The Littlemill testament allows collectors to possess their very own piece of the history as treasured fragments of the distillery, distillery manager's house and even the Littlemill barrel, have been skillfully incorporated into each set. An engraved date of 1772 shows adoration for the carved founding stone that had remained proudly in place at the gable end of the distillery, for over two centuries.
This gable stone was the only indication of the distillery's initial founding, until 2019 when an investigation into the Justice of the Peace’s records revealed new evidence. The findings show that one Mr Robert Muir of Littlemiln was indeed bestowed a licence for “ale, beer and other excisable liquors”, by His Majesty King George III’s Government, dated 2 November 1773. Finally confirming Littlemills unrivalled heritage and place in the historical records as Scotland’s oldest licenced distillery.
In true collectors fashion a redeemable 5cl bottle is included to maintain the integrity of the pack, a second is also then available at a later date should you wish to pass the set on. Retailing for around £8000. You may enquire directly with Littlemill here: https://www.littlemilldistillery.com/ or check with major stockists such as the whisky exchange.
Littlemill’s Testament To The Past
Echoing this commitment to craft and heritage, we are especially excited to showcase the stunning Littlemill Testament special edition. Only four exist with each release being an entirely unique, 1 of 1 creation.
18th Century Drinking Glasses | Exhibit Antiques
A genuine pair of hand blown 18th-century wine glasses accompany each crystal decanter. Specially curated by Exhibit Antiques to authentically reflect and toast to the Littlemills founding era. These delicate glasses remain a precious link to the past, to be treasured and savoured. Each pair is individual to the set and boast intricately engraved decorative bowls upon stunning faceted stems.
Inspired by the illustrious facet-cut period of George III, Littlemills’ decanter reflects this Georgian style by incorporating a fully faceted base. The engraved finish has been mirrored to each of the four decanters, wedding them together in harmony and creating a truly inseparable one-of-a-kind combination.
18th Century Facet Cut Drinking Glasses | Exhibit Antiques
Remnants of the distillery have been collected and preserved after a fire in 2004 brought about the final demise of the Littlemill distillery. Now given a new life with the creation of these exclusive brass-mounted dress stoppers, each complimenting their own unique case.
The Age of Elegance
During the British Georgian era ingenuity ruled the day and certainly by the 1770s high calibre glass cutters had begun to transpose the captivating nature of mirrored glass to tablewares and the stems of drinking glasses.

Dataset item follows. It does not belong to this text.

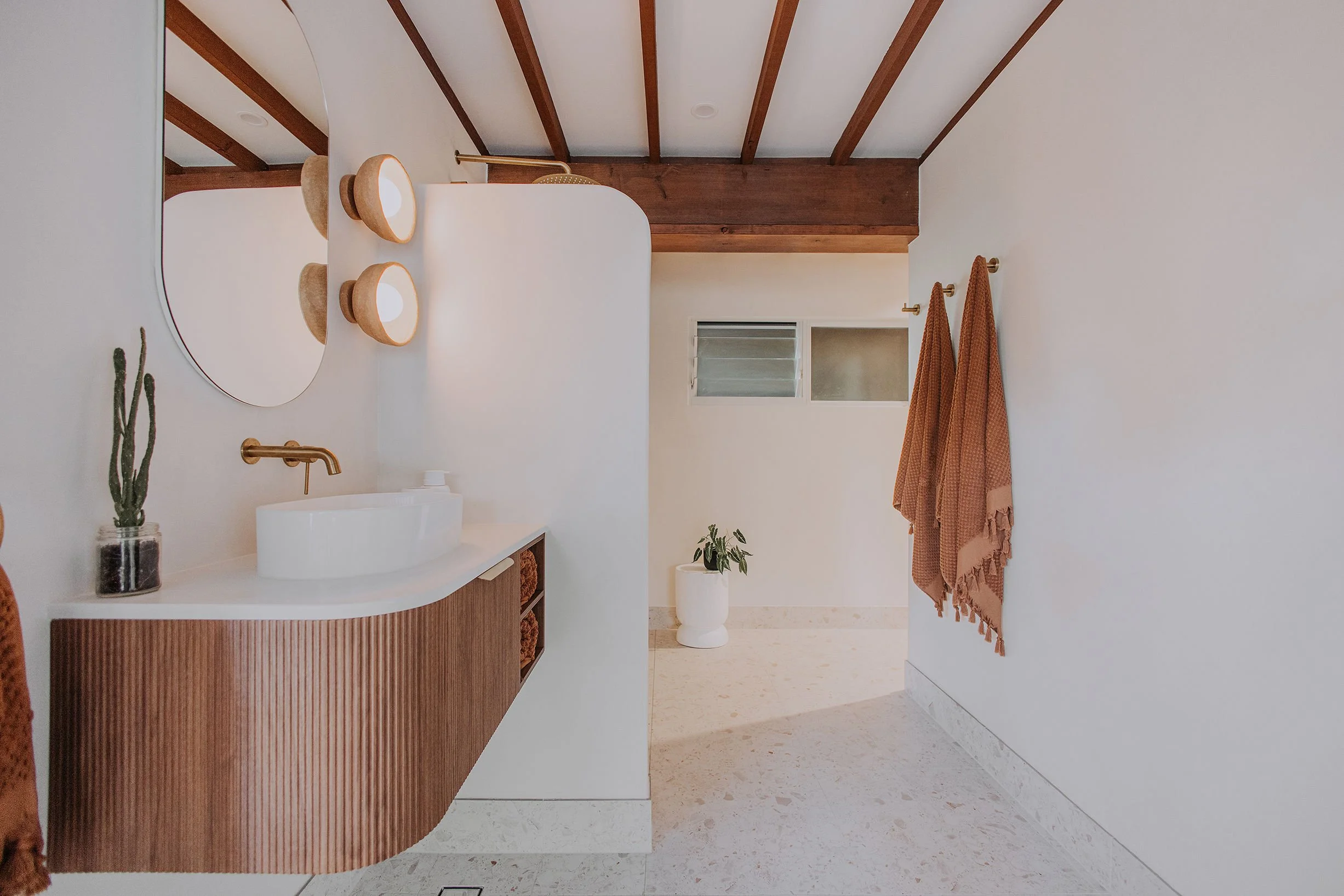 A modern bathroom with a curved wooden vanity, white vessel sink, and gold faucet. Two beige wall sconces above the mirror, a small cactus in a glass jar, a potted plant on a white stand, and beige towels hanging on gold hooks. The room has white walls, a window with horizontal blinds, and exposed wooden ceiling beams.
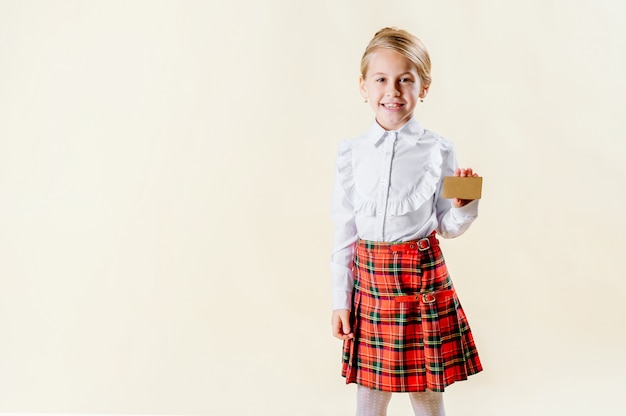 Piccola ragazza bionda che tiene una carta in bianco in uniforme scolastico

These precious glasses represent a period in which faceted glassware adorned the homes of society's most fashionable and affluent. Brilliant and lustrous, the style granted a new kind of interior splendour. Chandeliers suspended above grand tables would illuminate an array of dazzling table arrangements, all laid to perfection.
Spectacular refractions can be seen in bright sunlight or by firelight over a spiced dram.

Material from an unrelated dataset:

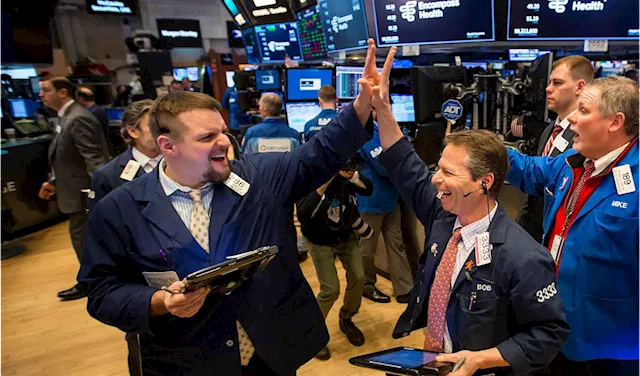 Dow rises above 40,000 for the first time as bull market gains steam: Live updates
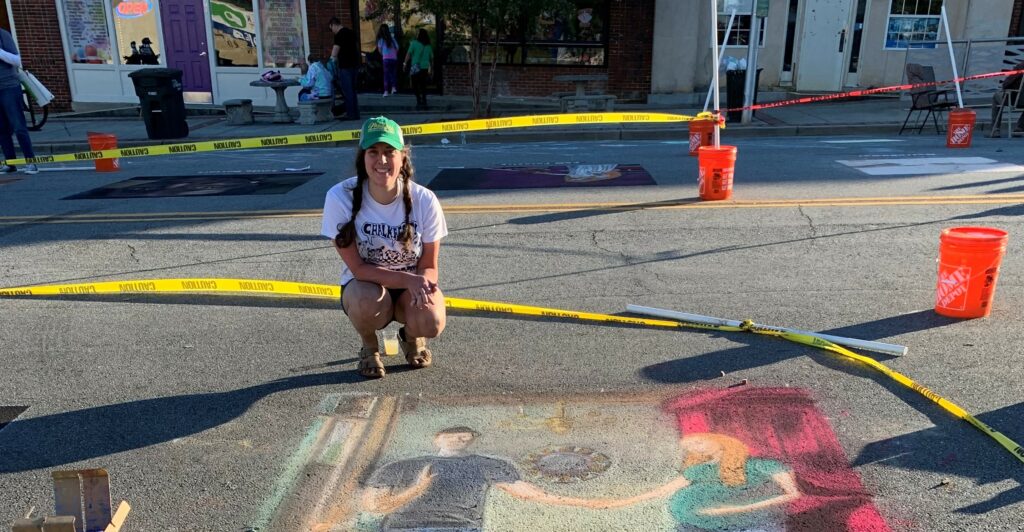 Artist poses with chalk art image of man and pregnant woman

18th Century Facet Cut Drinking Glasses | Exhibit Antiques
Each pair of antique drinking glasses have been painstakingly hand-blown, cut and engraved, sometime between 1770 and 1790. All made possible by the preceding centuries alchemists in their endeavour to stabilise and perfect the cristallo material. For if you had to attempt such an endeavour as cutting on glassware not fit to withstand the pressures, it would surely shatter before your eyes. That is to say nothing of finding the correct chemical composition, as the first of their kind fell to ‘glass corrosion’, which could be described as a slow shatter over time.

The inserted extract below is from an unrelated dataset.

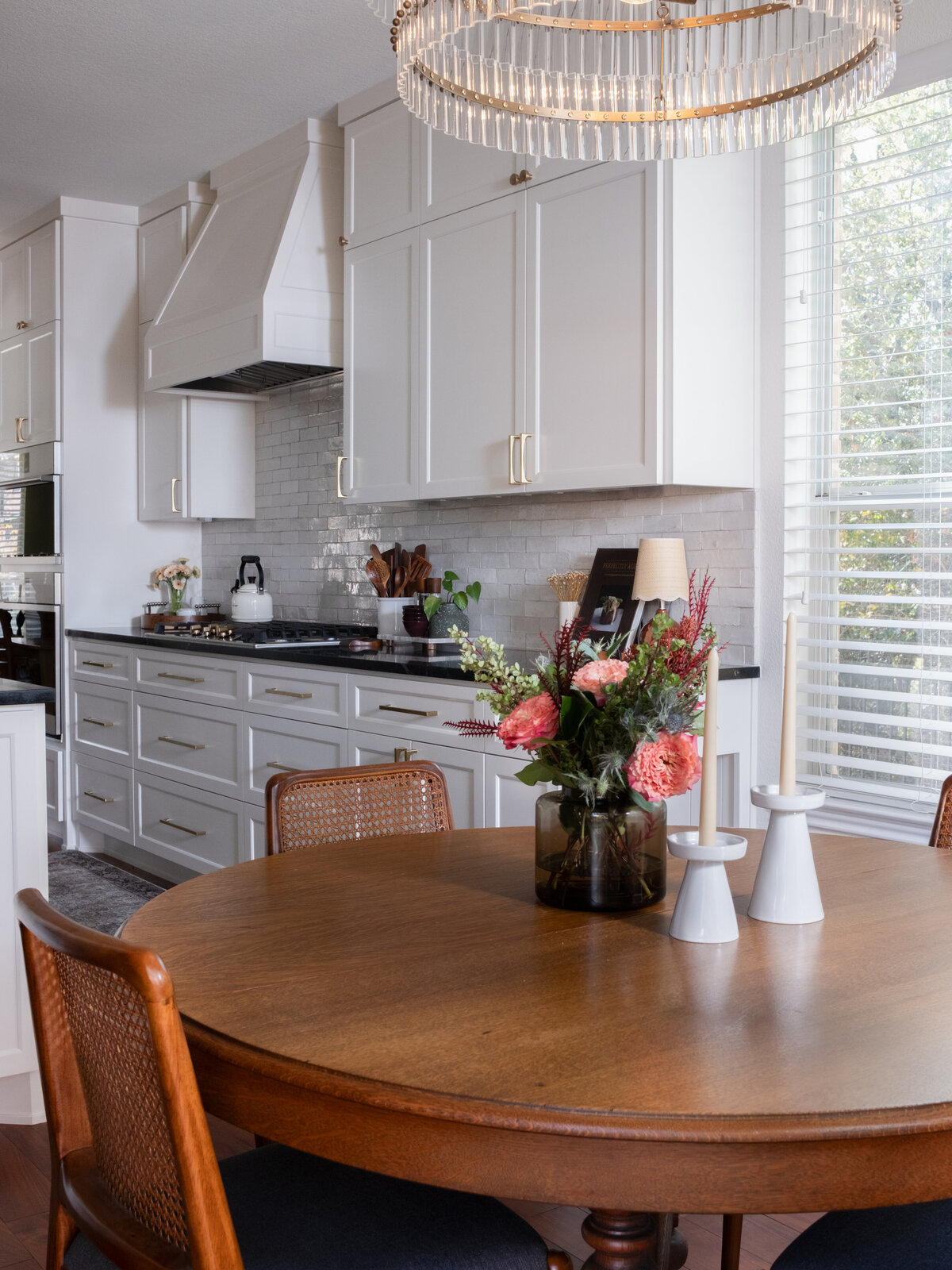 hello-home-austin-cream-kitchen-remodel-zellige-backsplash-contemporary-kitchen-vintage-breakfast-nook-tapered-vent-hood-soapstone-countertop-15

A remarkable entrepreneurial cottage industry, cutting and polishing could be achieved using a hand or foot-operated wheel. Due to the nature of cheap manual labour, it would take almost a century for large scale steam-powered workshops to compete effectively in the market. While the glasses themselves were produced inside so-called glass cones, immense conical brick structures, some towering over 100ft and housing many furnaces.
The Leith glass factory's cone-shaped furnaces appear in the background of painter William Reed's Leith Races.
Authors’ Note: I can say from experience that pulling a gather of molten glass from a 1500°C furnace is a palpably tense situation. My admiration ever since for those pioneering master craftsmen who worked by candlelight in the suet and searing heat, knows no bounds. Glass cutters are of their own league, I again stretch myself to imagine but have had some experience in using a modern polishing wheel. Once again struck by the risk of injury and immense difficulty, my appreciation for the craftsmen has been solidified by the wondrous nature of their achievements.
If you would like to see what we currently have available in this range, you can visit our live exhibit here:
If instead, you would like to see our archive of 18th-century glassware or indeed some more facet-cut glasses, you may visit those here:
Living Breathing Casks
For those a little unfamiliar with the process, as I was, this I hope serves to highlight the value of time spent and the expertise required to blend the perfect golden spirit.
Some 500 pounds (36 stone) or more of whisky can be stored in each cask. The traditional barrel shape allows a single labourer to more easily tilt, shimmy and roll them around. You may notice that old whiskey barrels look tremendously discoloured, this however is not due to the aforementioned rolling around. Casks are very rarely moved, usually only when they’re being transferred between storage areas. This discolouration is instead born from the porous nature of wood causing the whisky to leech its way to the outside and evaporate, formally becoming the angels’ share, while leaving residue on the surface of the barrel.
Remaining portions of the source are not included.